That which was lost has been found
November 18, 2013 by Thomas Wictor
In 1975, when we moved from Tyler, Texas, to Rijswijk, the Netherlands, we had to put much of our furniture and possessions in storage. Most of the rental homes in the Netherlands were furnished. We rented a storage facility, had our things packed up, and flew off to Holland.
When we moved to Stavanger, Norway, in 1978, we contacted the warehouse in Tyler and discovered that there had been a flood. Our things had sat in water for two years. The storage company replaced the furniture, but among the things lost was Mom and Dad’s wedding album.
Well, in fact it wasn’t lost. I just found it a few days ago, packed away in a box within a box within a box.
Mom and Dad were married May 30, 1959. They became engaged three weeks after they went on their first date. Mom told me that on this date, she suddenly knew that she’d marry my father and spend the rest of her life with him. The knowledge scared her.

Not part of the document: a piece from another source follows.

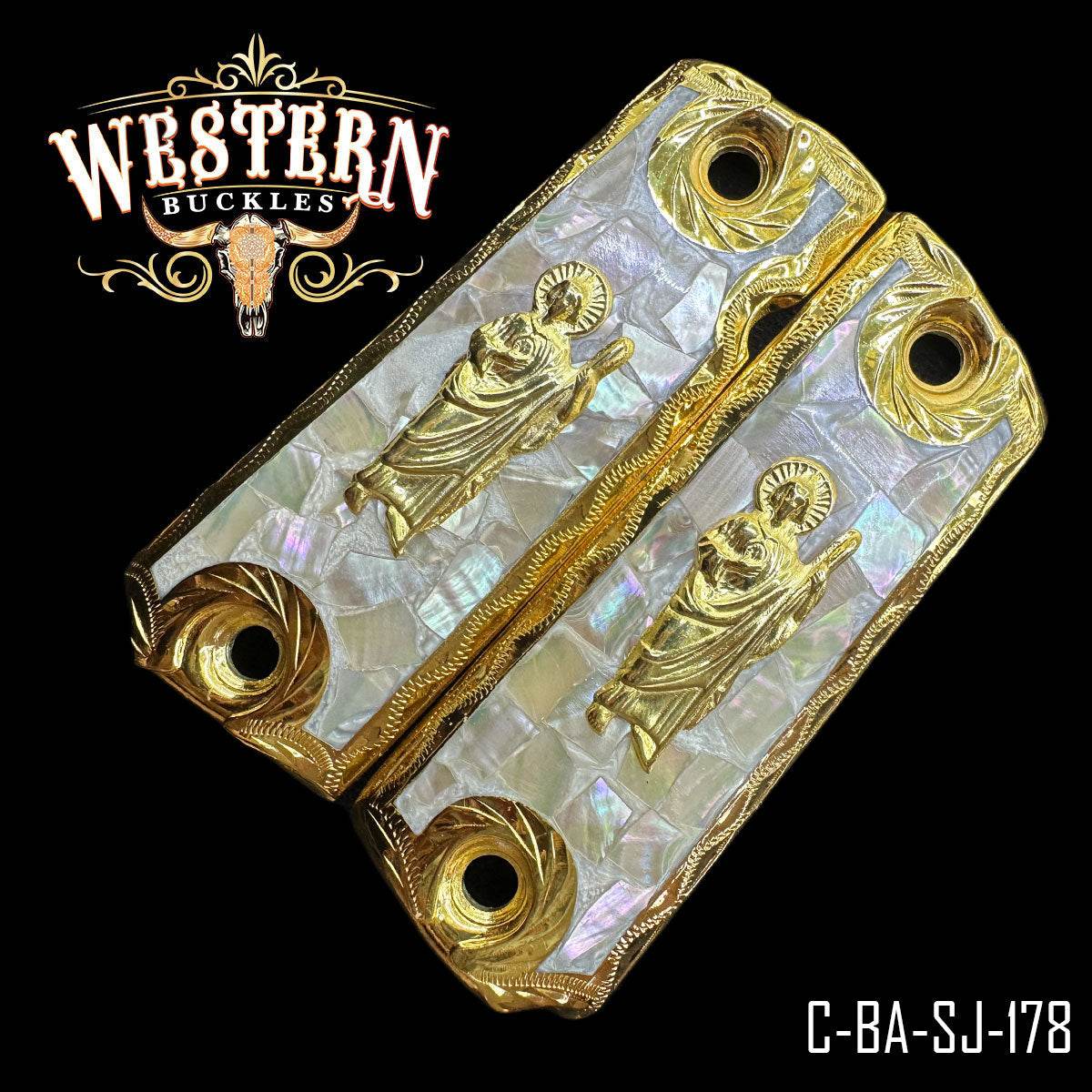 Cacha Colt 1911 San Judas Rameado Resina y Concha - Western Buckles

Since my parents died, I’ve discovered much more about them than I knew when they were alive. One of the many tragedies of my family is the lack of communication. Neither of my parents were allowed to speak their minds as children; Mom was told that good girls don’t make trouble, and Dad was changed from a sensitive baby to a man in a suit of steel armor.
I now realize why my parents had their problems. The photos I’ve studied and the letters and journals I’ve read since they died have filled in the blanks. Though Mom and Dad will remain mysteries, they’re not as profoundly mysterious as they were a few weeks ago.
Yesterday a former ghost told me what Mom had said to her about why my parents never divorced. I can’t share it because Mom didn’t tell me herself; as far as I know Mom told only my former ghost. But it’s in keeping with Mom’s character. Mom’s reason was another form of rebellion. I know perfectly well why my father didn’t follow through with his request for a divorce. Life with his office manager would’ve been profoundly different than life with Mom.
Today Eric told Tim and me that the worst thing he learned since the deaths of Mom and Dad was the way that a certain set of relatives treated CeeCee. We’ve filled him in on a lot of our troubles. It’s the measure of the man Eric is that what angers him the most is how his second mother was targeted because the attackers knew Mom couldn’t respond in kind.
Here’s something I thought I’d never publicize, but what the hell. This is for you, Eric.
While Dad lay dying in his bedroom, raving and fighting off demons, someone called Mom and asked how she was doing. Mom being Mom, she said, “We’re holding up.”
For whatever reason the caller chose that particular moment to scold my mother for not showing enough emotion about her husband’s impending demise and Mom’s own cancer. The caller was tired of Mom’s “empty platitudes.” This person habitually speaks so loudly that I could hear every word from where I sat.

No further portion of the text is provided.